ホアキン・フェニックスが歌手ジョニー・キャッシュを演じる感動の作品。ジョニーに影響を受けたアーティストは多いとか。その伝説的存在を演じる際に、フェニックスは彼の楽曲を二十数曲マスターしたといいます。激しいトレーニングを積んだとあって、演奏シーンは迫力があり、見ごたえがあります。彼の心情を象徴するかのように挿まれるたくさんの楽曲に彩られ、ストーリーは彼の波乱の人生を綴ってゆきます。

ジョニー(ホアキン・フェニックス)は既婚者でありながら、少年の頃から好きだったジューン(リーズ・ウィザースプーン)に想いを寄せる。妻のヴィヴィアン(ジニファー・グッドウィン)はそれが分かっているために気が気ではない。何だか大人のドロドロ恋愛模様にもなりそうな関係を純愛ストーリーに出来たのは、当然のごとくこれが「ジョニー・キャッシュの人生」を描いた作品だったからでしょう。
彼を、彼の心情を優先的に描いたからこそ、観るものに強いシンパシーを感じさせるのかもしれません。

苦悩と薬物でボロボロになりながら、なおジューンのことを想い続ける…本作品のタイトルでもある”Walk The Line”はそんな彼自身が「しっかりしている」と言い聞かせ、「まっすぐ君につづく道を歩く」と歌うのです。何とも痛ましく、そして切ない歌であることか。彼の精神が如実に表れた数々の曲は、つまり映像と並行して彼の人生を語っているのです。

楽曲をはじめとした暗喩的な表現は数多く、彼の人生をいっそう彩ります。例えば、彼がヤク中で休暇を取っているとき、小切手で2万ドルを換金しようとします。しかし、その金額に驚く銀行員が渋っていると「現金に換えられなければただの紙くずだ」と言い放つのです。名声だけが付きまとう彼(=小切手)を評価する(現金=キャッシュに換える)手段がないのをもろに表しています。彼自身、自分の退廃ぶりは自覚しているのに抜けられずにいる地獄のさま…。

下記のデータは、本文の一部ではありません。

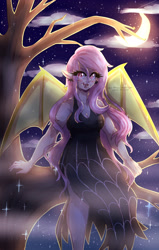 Size: 2450x3850 | Tagged: safe, artist:ashes-arts, artist:mylittleyuri, derpibooru import, fluttershy, bat pony, human, alternate hairstyle, bat ponified, blushing, clothes, cloud, crescent moon, cute, dress, fangs, female, flutterbat, fog, humanized, moon, night, race swap, shyabates, shyabetes, solo, stars, tree, winged humanization, wings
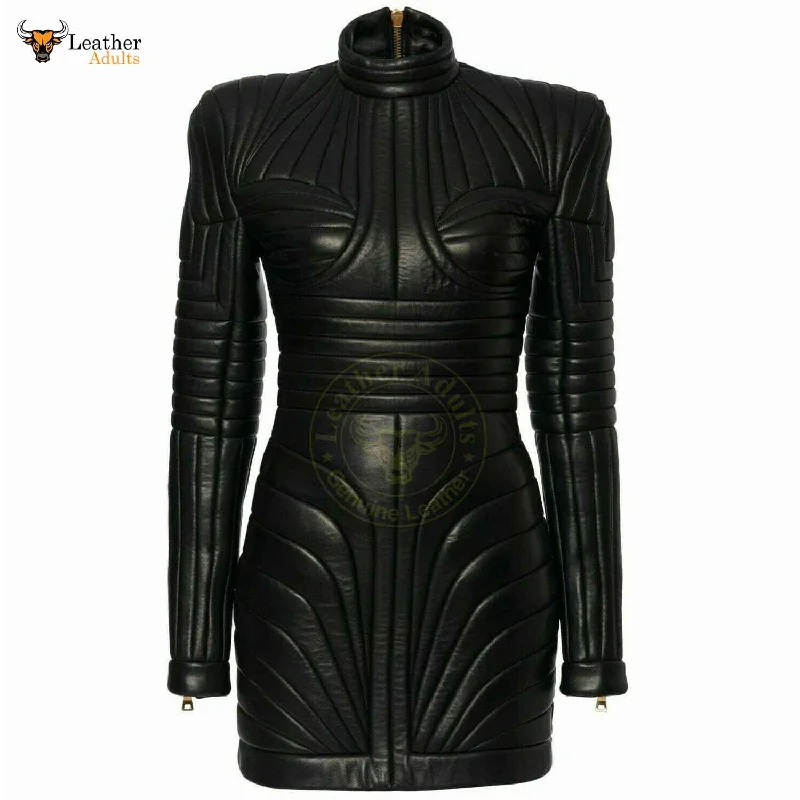 Womens Black Leather Trench Steampunk Dress Gothic PUNK Victorian Coat Jacket Appliqued Jacket Beaded Jacket Sequined Jacket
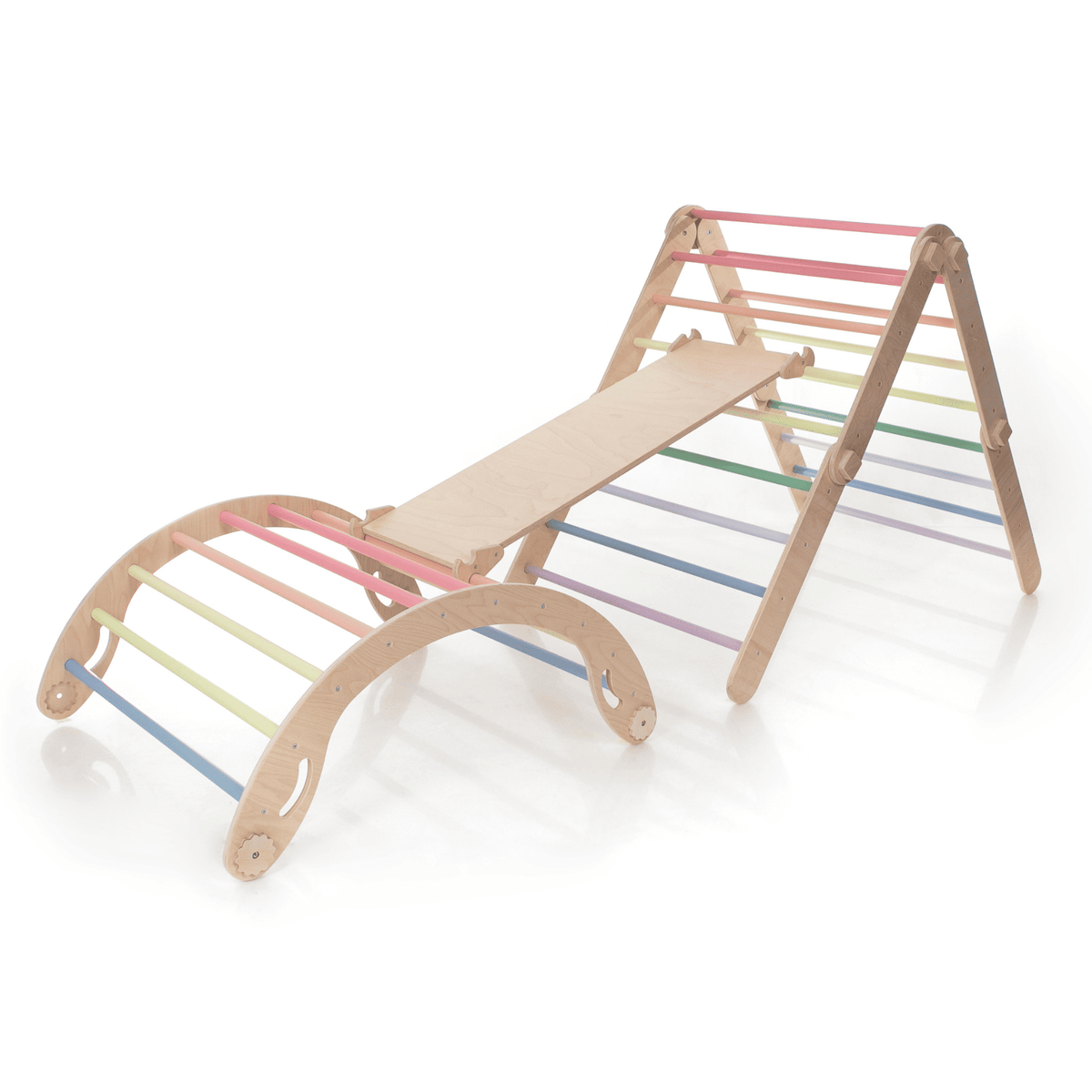 Kletterdreieck Pikler Dreieck Rutsche Pastell – 4-in-1 Motorik-Baukasten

時にはライン(=自分の生き方、友人の言葉、両親の人生)を否定し、時には木の株に引っ掛かった新品のトラクターのように行き詰まることもある。しかし自分の音楽やジューンへの愛を決してやめない姿は痛ましくもあり、切なくもあります。また同じ痛みを知る者であるからこそジョニーを支えられるジューンや、彼女の家族の愛情に胸を熱くさせられます。

時代の反逆児であったスターの物語。彼を取り巻く有名人の似姿もさながら、その懐かしいリズムやスムーズなエピソードの導入による彼の人生に注目して下さい。塞いだ心でもいつしか溶けているのを感じる佳品だと思います。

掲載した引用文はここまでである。